K-Means Clustering for Unsupervised Machine Learning

K-means clustering is a type of unsupervised learning when we have unlabeled data (i.e., data without defined categories or groups). Clustering refers to a collection of data points based on specific similarities.

K-Means Algorithm

K-means aims to find groups in the data, with the number of groups represented by the variable K. Based on the provided features, the algorithm works iteratively to assign each data point to one of the “K” groups. Please note that the clustering of the data points is by the similarity of features.

K-Means uses of Centroid Model algorithm. Centroid Models use the notion of data points that are close to the center of clusters having a relation.

A target number referred to as ‘k’ is the number of centroids you need in the dataset. A centroid is the cluster’s center, and each data point is assigned to a specific cluster.

The ‘means’ in the name refers to the averaging of the data, which helps to find the centroid location. 

Pictorial representation of K-Means clustering finding the centroid of the clusters of similar data points.

The K-means algorithm aims to reduce the distance between the data points and their cluster centroid. 

What is a Centroid?

Centroid is a method of clustering that represents each cluster by a single mean vector, known as the centroid. The centroid is the average of all points belonging to the cluster. The K-means algorithm assigns data points to the cluster whose centroid is nearest to the point. Throughout the algorithm’s iterative process, these centroids are recalculated as the mean value of all points assigned to the cluster. Thereby refining the cluster assignment with each iteration until the process converges or meets a defined stopping criterion.

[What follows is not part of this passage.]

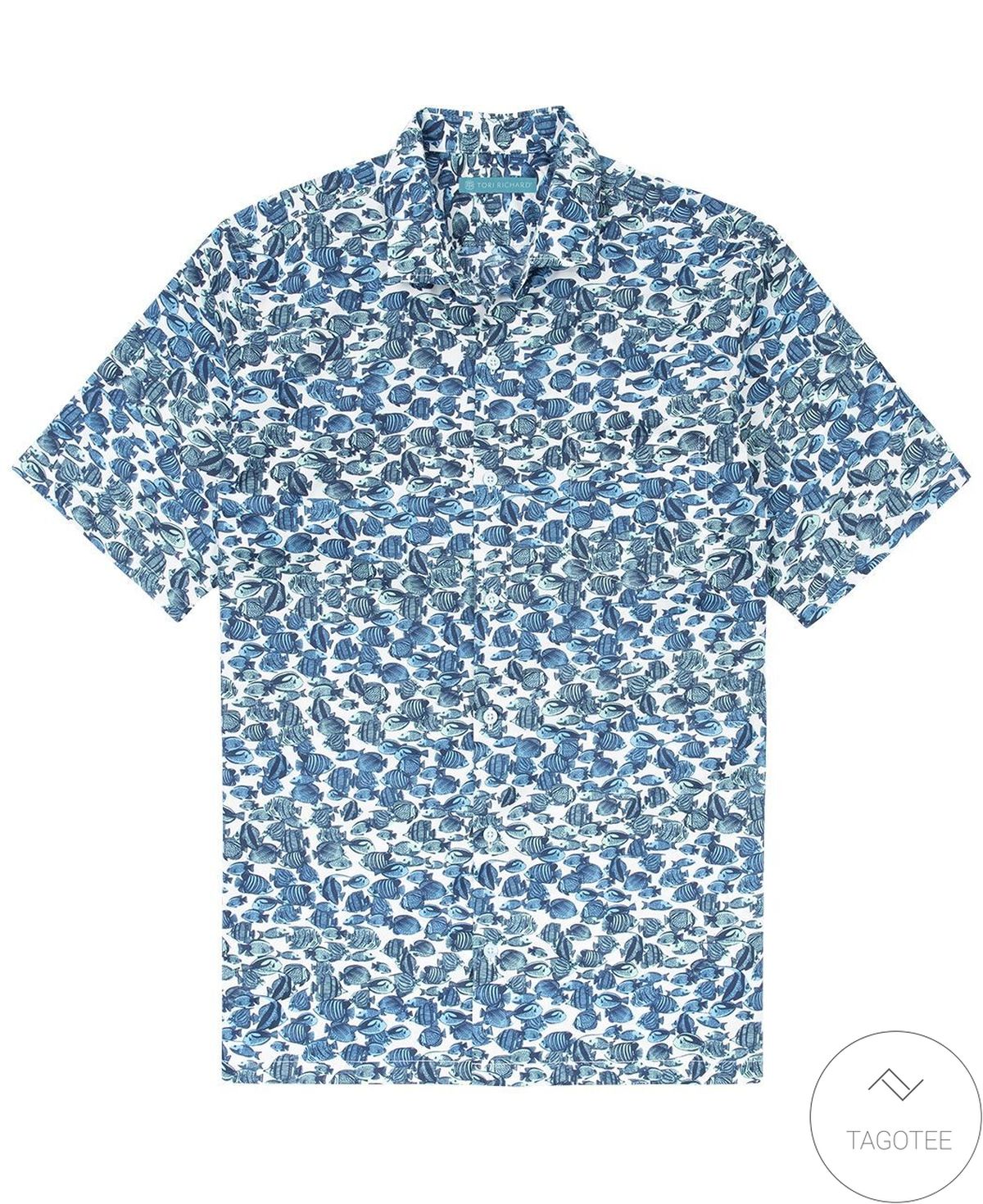 Tori Richard Shoaling Hawaiian Shirt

How Does the K-Means Algorithm Work?

K-means clustering works in the following steps:

  1. Choosing the number of clusters (k): This is often done using methods like the elbow or silhouette method. This helps determine the optimal number of clusters by evaluating the within-cluster sum of squares (WCSS) or silhouette score.
  2. Randomly selecting initial centroids: While centroids can be randomly selected, some implementations of K-means use more sophisticated methods for initialization, such as the k-means++ algorithm, which aims to spread out the initial centroids before proceeding with the standard K-means optimization iterations.
  3. Assigning data points to the nearest centroid: The algorithm assigns each data point to the cluster with the closest centroid, typically using the Euclidean distance metric.
  4. Optimizing centroids: After the assignment, the centroids are recalculated as the mean of all points in their cluster, which may or may not result in the centroid moving.
  5. Iterative process: The assignment and update steps (3 and 4) are repeated until a stopping criterion is met. This could be a fixed number of iterations, a threshold of minimal changes in centroid positions, minimal changes in the assignment of the data points to the clusters, or when there is no further decrease in WCSS.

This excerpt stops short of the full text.